Copy out the lines of the records below, and only those lines, from the one with "Blaine 3-Piece Corduroy" through the one with "Friends making silly", exactly as they appear.

SUPPLIED DATA Start Marker

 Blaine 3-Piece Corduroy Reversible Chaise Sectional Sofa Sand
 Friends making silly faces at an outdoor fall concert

SUPPLIED DATA End Marker
SUPPLIED DATA Start Marker

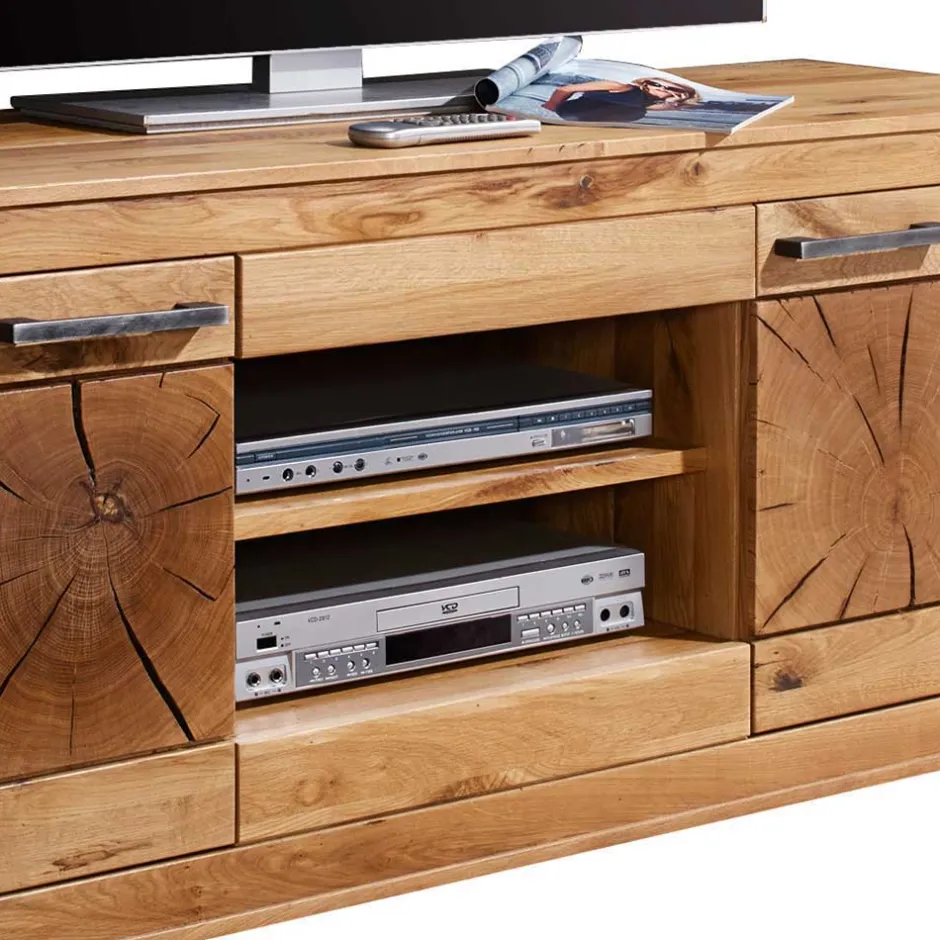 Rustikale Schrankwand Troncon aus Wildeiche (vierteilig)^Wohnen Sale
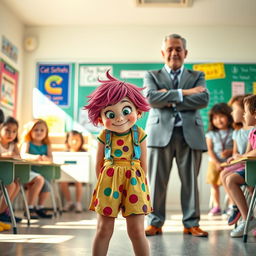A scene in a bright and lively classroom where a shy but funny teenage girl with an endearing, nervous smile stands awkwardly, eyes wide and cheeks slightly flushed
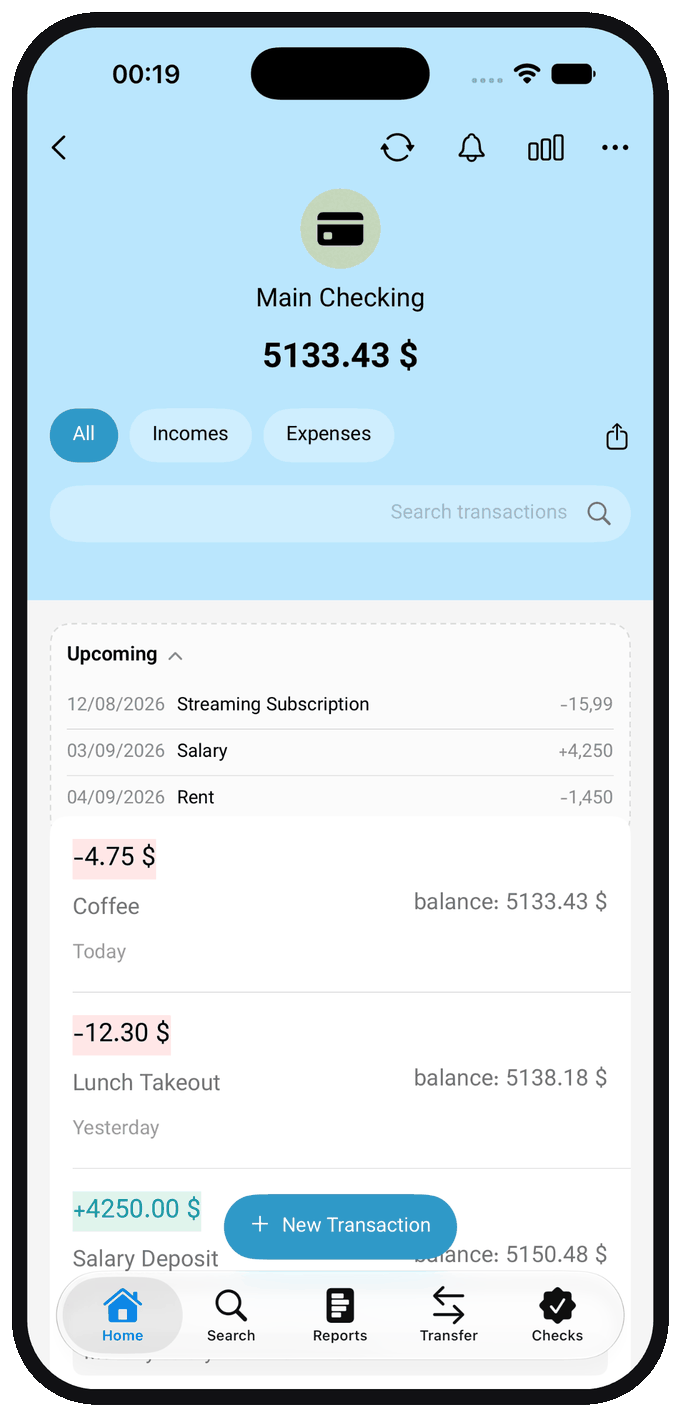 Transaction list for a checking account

SUPPLIED DATA End Marker
SUPPLIED DATA Start Marker

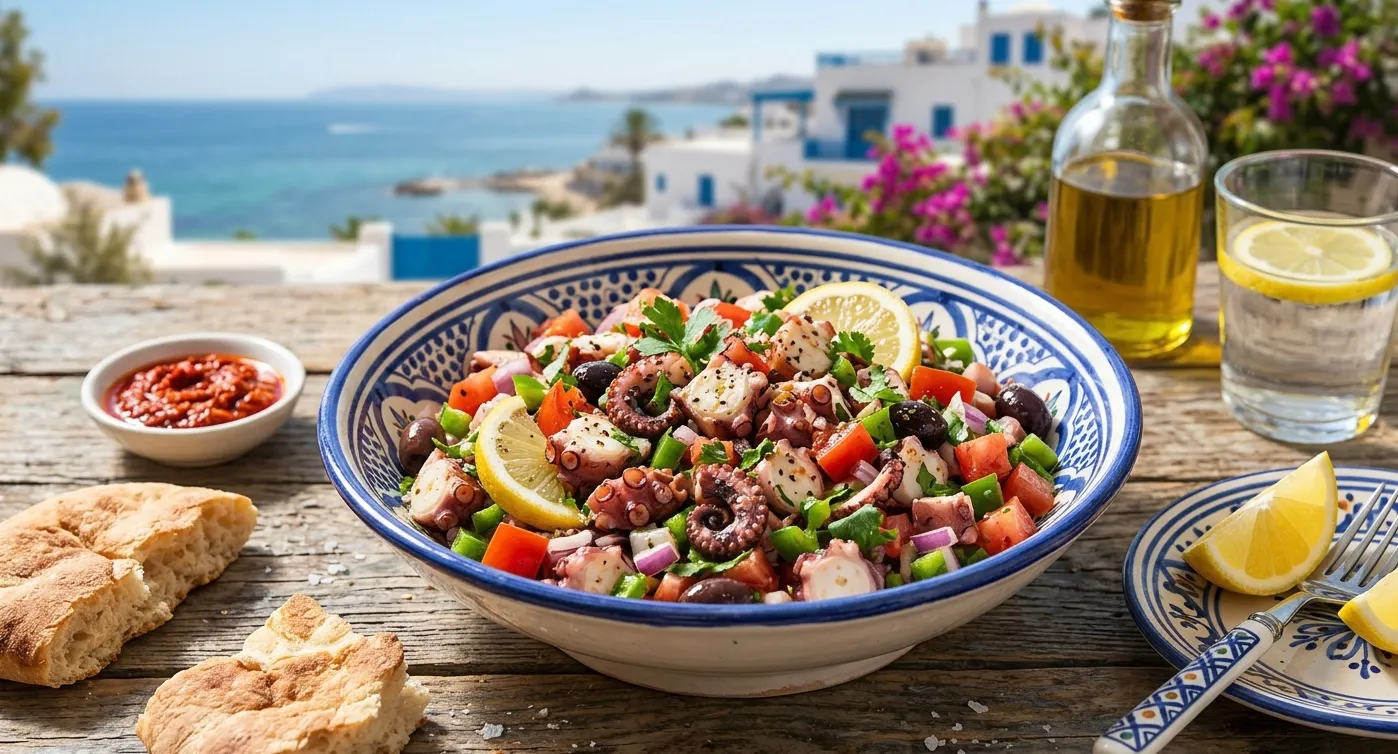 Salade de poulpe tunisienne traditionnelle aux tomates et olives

SUPPLIED DATA End Marker

RESULT
 Blaine 3-Piece Corduroy Reversible Chaise Sectional Sofa Sand
 Friends making silly faces at an outdoor fall concert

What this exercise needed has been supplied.